[Records for this task Boundary: Start]

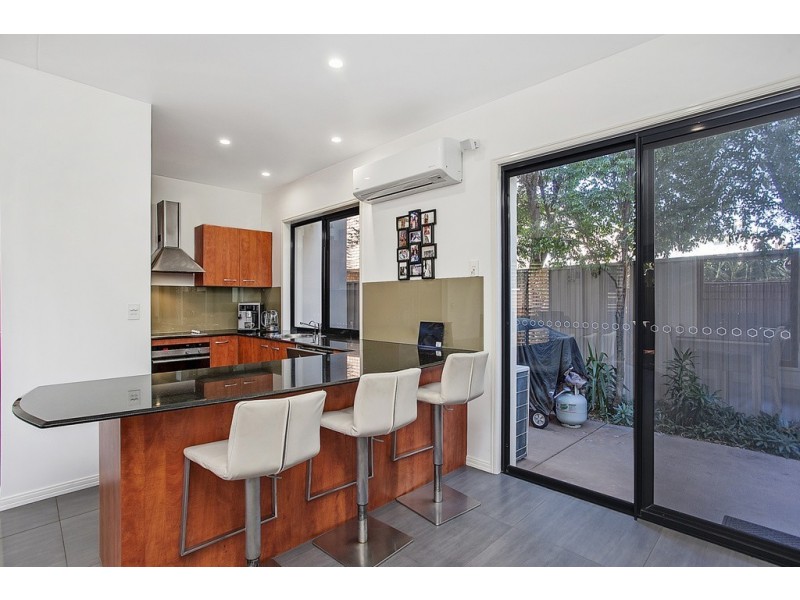 Unit 2/2 Cedar Court, Burleigh Heads QLD 4220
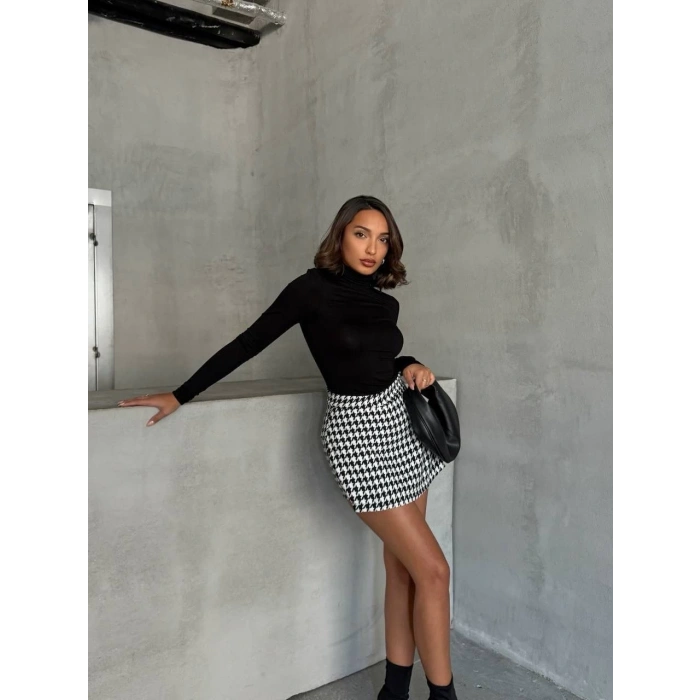 Kapaklı kaşe şort etek siyah beyaz kazayağı h261218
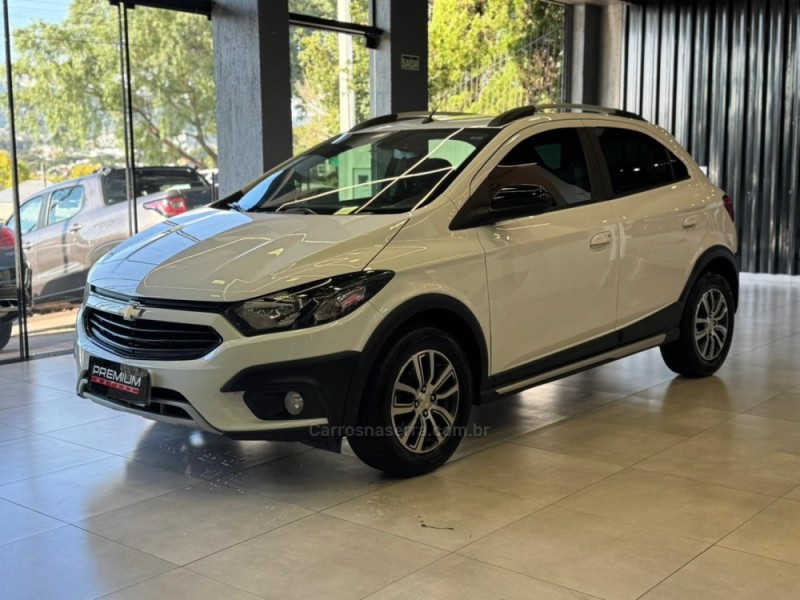 ONIX 1.4 MPFI ACTIV 8V FLEX 4P AUTOMÁTICO - 2017 - DOIS IRMãOS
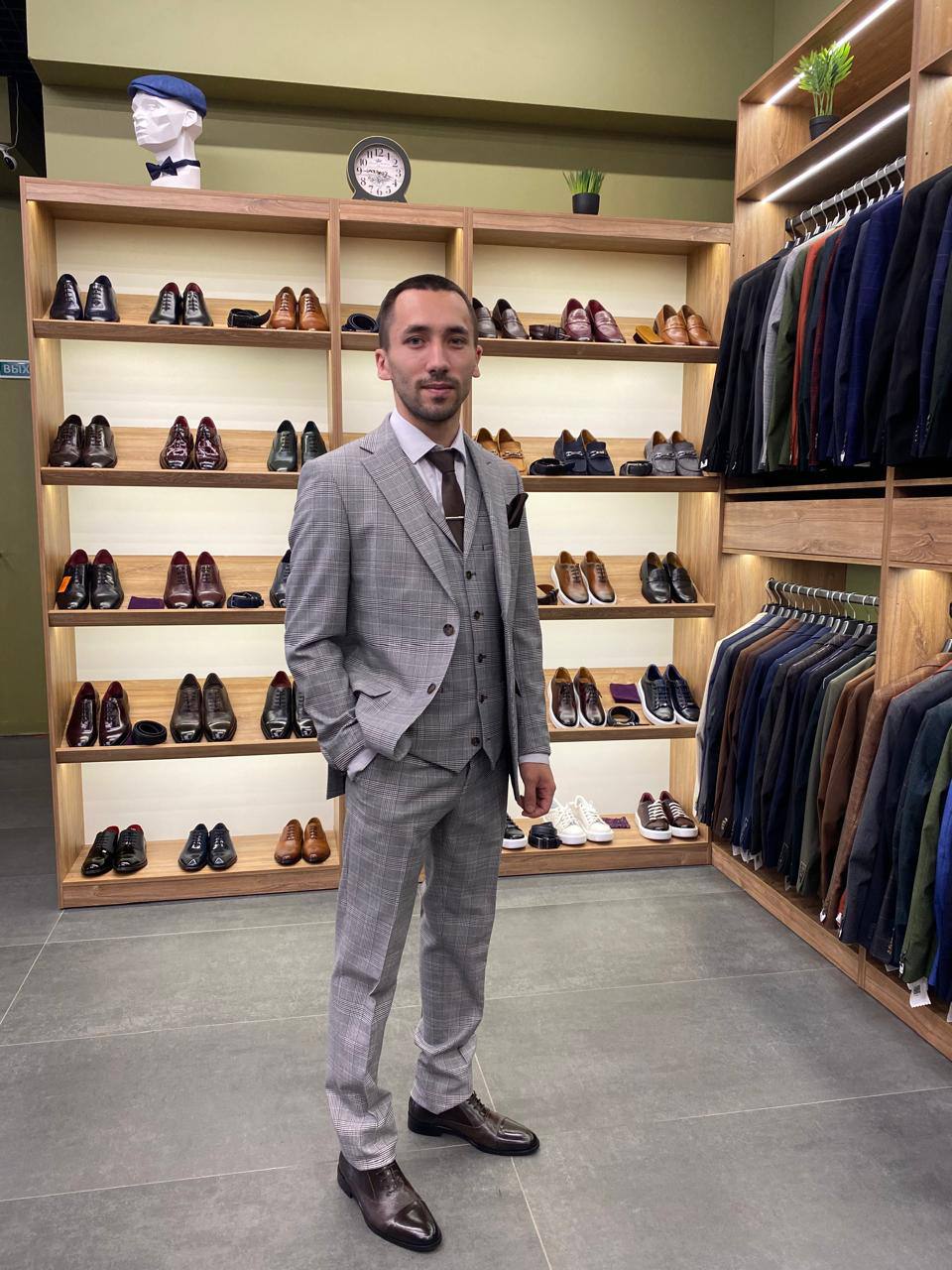 серый мужской костюм тройка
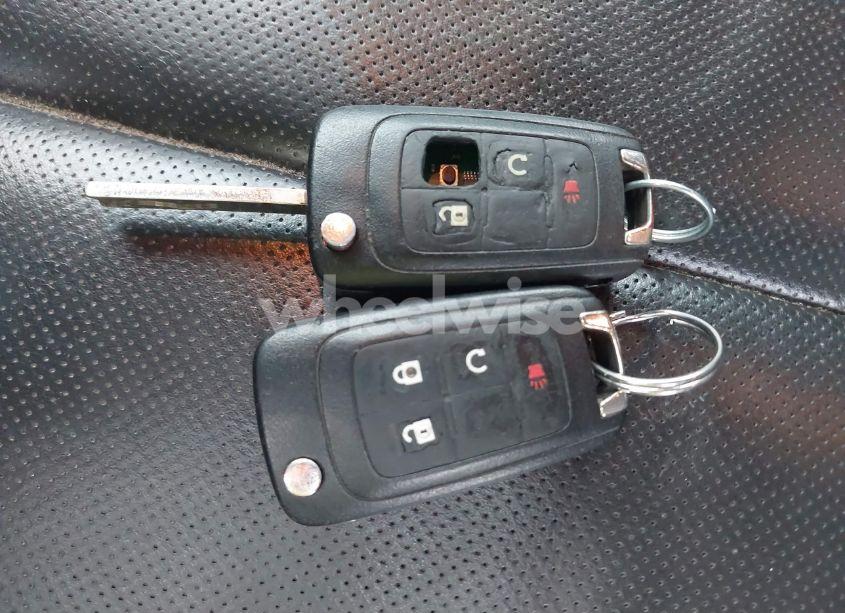 Photo 11 of 2011 Chevrolet Equinox 2LT (VIN 2CNFLPE59B6477272)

[Records for this task Boundary: End]

## What you have to do
Your answer must be an exact reproduction of all entries, containing no pictures.

## Reply to the task
 Unit 2/2 Cedar Court, Burleigh Heads QLD 4220
 Kapaklı kaşe şort etek siyah beyaz kazayağı h261218
 ONIX 1.4 MPFI ACTIV 8V FLEX 4P AUTOMÁTICO - 2017 - DOIS IRMãOS
 серый мужской костюм тройка
 Photo 11 of 2011 Chevrolet Equinox 2LT (VIN 2CNFLPE59B6477272)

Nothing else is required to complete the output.